*Excerpted records:*
'''

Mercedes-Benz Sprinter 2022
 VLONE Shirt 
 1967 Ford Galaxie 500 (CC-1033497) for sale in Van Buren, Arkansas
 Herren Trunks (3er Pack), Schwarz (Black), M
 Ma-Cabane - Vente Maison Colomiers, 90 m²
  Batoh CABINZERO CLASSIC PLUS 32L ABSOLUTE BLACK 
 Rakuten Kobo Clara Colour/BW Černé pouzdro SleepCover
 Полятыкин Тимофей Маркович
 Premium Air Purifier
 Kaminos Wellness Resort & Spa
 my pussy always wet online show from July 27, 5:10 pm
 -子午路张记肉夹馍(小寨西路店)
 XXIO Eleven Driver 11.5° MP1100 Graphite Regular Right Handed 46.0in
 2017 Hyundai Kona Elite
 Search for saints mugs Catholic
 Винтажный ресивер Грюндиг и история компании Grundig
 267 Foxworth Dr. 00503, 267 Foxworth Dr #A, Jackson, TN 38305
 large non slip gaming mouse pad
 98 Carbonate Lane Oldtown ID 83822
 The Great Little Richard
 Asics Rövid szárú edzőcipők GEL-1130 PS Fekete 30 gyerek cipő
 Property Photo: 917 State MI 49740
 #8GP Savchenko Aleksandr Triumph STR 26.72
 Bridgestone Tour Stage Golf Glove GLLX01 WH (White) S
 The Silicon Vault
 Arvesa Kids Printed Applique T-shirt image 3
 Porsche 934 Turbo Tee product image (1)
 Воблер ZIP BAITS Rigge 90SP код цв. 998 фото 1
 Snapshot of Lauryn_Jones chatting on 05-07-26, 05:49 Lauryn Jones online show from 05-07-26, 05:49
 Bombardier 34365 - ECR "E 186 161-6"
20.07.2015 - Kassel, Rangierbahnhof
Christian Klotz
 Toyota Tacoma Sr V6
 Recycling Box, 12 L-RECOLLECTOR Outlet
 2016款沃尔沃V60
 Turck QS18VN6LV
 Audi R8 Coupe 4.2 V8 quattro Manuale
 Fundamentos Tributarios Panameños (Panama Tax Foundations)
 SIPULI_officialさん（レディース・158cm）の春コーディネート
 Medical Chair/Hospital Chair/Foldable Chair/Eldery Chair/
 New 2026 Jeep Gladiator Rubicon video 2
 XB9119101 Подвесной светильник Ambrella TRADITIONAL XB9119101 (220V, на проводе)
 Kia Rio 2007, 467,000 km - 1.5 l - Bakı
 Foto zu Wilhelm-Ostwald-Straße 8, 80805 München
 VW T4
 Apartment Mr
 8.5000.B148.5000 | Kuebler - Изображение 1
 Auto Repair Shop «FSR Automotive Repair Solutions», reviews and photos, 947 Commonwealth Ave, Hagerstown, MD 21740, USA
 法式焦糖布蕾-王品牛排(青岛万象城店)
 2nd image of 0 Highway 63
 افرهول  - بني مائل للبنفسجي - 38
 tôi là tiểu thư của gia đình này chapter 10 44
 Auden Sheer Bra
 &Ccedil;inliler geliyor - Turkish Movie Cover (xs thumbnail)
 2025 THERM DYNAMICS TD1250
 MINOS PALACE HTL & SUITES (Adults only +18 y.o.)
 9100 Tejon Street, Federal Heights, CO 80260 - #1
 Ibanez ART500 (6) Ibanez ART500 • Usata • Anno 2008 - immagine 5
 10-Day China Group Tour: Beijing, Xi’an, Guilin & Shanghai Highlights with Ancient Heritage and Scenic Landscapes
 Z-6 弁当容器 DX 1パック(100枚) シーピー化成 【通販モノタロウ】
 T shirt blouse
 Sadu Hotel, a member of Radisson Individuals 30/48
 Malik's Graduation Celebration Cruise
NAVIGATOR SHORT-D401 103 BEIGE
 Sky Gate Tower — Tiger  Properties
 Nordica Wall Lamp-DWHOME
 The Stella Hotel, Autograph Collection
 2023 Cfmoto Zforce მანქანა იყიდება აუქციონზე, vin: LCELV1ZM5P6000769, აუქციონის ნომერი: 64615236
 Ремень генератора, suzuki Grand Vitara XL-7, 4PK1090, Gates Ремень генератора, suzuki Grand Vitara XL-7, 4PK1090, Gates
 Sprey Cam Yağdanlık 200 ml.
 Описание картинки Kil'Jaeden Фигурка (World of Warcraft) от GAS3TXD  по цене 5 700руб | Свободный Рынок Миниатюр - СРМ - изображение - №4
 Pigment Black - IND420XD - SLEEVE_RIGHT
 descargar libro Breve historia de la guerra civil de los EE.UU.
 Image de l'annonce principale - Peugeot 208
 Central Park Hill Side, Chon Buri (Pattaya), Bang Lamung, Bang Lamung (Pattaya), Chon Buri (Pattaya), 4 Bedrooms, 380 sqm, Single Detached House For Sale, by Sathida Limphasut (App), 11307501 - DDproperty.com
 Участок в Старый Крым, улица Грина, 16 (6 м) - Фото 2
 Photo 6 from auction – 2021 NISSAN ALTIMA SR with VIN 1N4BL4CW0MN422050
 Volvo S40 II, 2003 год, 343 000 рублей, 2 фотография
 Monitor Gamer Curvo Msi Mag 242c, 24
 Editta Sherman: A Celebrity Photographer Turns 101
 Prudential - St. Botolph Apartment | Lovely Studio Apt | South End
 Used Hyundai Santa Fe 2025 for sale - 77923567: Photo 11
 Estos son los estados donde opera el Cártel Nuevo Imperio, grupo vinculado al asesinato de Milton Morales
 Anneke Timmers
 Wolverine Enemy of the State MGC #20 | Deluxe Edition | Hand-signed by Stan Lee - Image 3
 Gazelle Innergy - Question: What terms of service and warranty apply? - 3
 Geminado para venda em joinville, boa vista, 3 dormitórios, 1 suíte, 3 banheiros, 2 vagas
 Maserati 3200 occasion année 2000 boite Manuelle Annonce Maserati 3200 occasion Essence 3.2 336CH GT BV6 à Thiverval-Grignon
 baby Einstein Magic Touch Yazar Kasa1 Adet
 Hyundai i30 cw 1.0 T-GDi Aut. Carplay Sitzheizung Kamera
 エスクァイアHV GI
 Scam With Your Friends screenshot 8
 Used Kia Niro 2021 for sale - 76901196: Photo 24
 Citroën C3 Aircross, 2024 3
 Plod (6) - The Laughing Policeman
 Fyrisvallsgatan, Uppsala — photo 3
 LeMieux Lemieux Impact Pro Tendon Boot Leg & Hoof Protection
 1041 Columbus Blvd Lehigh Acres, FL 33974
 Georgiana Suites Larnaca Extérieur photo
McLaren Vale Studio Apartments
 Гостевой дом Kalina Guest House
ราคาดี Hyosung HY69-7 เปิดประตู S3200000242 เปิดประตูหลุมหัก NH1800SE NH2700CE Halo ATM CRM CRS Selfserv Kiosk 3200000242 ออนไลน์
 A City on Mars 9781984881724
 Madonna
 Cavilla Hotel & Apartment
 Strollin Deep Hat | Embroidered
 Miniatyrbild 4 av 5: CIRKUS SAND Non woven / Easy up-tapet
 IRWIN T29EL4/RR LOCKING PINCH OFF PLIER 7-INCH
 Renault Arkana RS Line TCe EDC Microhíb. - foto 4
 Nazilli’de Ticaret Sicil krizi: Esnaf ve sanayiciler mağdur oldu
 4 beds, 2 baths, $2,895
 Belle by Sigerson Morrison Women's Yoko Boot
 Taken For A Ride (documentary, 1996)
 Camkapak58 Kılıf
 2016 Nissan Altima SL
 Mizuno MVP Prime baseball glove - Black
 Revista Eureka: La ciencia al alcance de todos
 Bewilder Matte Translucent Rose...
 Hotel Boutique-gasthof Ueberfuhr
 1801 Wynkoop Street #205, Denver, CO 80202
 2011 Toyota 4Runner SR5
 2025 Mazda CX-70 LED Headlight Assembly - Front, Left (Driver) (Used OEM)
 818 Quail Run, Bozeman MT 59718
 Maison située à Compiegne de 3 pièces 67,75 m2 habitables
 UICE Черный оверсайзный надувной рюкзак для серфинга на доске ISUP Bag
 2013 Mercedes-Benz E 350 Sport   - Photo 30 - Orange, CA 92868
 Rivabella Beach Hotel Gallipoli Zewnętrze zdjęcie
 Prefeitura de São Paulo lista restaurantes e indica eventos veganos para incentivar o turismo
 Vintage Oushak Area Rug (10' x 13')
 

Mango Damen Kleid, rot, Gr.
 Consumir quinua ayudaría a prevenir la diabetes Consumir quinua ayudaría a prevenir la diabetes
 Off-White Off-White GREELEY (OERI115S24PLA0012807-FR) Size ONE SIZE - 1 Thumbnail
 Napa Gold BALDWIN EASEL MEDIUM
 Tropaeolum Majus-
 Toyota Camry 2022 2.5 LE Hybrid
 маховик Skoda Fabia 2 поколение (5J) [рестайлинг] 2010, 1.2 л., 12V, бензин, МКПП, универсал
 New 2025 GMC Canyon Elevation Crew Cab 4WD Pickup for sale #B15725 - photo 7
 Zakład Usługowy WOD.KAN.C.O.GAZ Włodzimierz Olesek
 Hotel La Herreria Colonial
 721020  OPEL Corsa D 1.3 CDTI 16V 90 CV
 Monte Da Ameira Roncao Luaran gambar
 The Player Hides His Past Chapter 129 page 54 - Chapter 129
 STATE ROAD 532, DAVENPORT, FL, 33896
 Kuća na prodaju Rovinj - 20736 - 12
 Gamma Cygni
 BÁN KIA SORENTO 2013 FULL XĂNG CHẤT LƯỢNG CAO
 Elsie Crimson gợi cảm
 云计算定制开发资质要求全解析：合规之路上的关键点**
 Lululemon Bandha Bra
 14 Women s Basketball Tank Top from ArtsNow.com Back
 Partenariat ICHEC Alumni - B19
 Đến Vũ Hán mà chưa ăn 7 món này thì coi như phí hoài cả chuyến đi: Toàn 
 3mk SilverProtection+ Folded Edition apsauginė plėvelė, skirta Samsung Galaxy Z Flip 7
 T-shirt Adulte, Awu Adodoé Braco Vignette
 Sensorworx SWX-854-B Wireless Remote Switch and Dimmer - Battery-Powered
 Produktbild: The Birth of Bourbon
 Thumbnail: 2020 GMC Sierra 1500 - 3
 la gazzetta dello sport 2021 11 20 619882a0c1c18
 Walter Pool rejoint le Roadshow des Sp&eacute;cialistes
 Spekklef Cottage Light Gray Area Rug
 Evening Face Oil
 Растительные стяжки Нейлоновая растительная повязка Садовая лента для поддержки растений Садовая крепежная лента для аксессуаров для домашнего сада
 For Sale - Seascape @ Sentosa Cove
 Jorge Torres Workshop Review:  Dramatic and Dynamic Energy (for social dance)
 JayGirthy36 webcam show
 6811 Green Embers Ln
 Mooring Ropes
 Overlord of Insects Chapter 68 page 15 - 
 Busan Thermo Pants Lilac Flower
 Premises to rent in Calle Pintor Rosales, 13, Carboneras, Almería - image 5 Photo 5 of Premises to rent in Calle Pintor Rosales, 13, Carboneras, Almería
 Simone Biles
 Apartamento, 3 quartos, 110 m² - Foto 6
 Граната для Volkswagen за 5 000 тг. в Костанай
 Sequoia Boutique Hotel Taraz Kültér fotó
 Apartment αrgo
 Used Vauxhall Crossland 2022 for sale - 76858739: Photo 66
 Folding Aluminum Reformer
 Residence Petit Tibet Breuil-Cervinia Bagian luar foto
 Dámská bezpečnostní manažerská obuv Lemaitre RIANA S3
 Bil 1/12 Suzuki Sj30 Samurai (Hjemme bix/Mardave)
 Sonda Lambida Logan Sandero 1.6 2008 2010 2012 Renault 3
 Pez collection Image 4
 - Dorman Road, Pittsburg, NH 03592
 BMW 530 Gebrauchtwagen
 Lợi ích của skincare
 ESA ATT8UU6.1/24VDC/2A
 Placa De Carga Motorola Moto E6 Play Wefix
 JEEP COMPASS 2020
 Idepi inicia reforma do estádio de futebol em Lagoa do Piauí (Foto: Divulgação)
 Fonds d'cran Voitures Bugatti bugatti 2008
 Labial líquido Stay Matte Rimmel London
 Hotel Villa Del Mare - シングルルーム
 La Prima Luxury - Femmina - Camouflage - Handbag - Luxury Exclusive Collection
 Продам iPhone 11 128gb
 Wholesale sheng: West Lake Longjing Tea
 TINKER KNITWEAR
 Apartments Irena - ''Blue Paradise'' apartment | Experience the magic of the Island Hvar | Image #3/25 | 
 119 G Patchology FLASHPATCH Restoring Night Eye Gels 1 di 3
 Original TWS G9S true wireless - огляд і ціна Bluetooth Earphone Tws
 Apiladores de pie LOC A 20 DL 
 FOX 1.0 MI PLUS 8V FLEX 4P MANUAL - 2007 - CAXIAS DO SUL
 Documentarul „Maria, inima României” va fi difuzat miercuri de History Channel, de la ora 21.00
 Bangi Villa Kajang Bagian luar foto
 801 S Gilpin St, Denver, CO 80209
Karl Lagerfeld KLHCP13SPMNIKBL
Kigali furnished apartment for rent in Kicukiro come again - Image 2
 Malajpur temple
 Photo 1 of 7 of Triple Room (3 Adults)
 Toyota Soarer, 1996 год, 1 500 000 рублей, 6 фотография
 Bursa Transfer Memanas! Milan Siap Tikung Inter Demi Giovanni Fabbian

'''

*What to work on:* Starting with the line above that holds "Kaminos Wellness Resort & Spa" and stopping with the line that holds "Винтажный ресивер Грюндиг", reproduce each line exactly, omitting all other lines.

*Task solution:*
 Kaminos Wellness Resort & Spa
 my pussy always wet online show from July 27, 5:10 pm
 -子午路张记肉夹馍(小寨西路店)
 XXIO Eleven Driver 11.5° MP1100 Graphite Regular Right Handed 46.0in
 2017 Hyundai Kona Elite
 Search for saints mugs Catholic
 Винтажный ресивер Грюндиг и история компании Grundig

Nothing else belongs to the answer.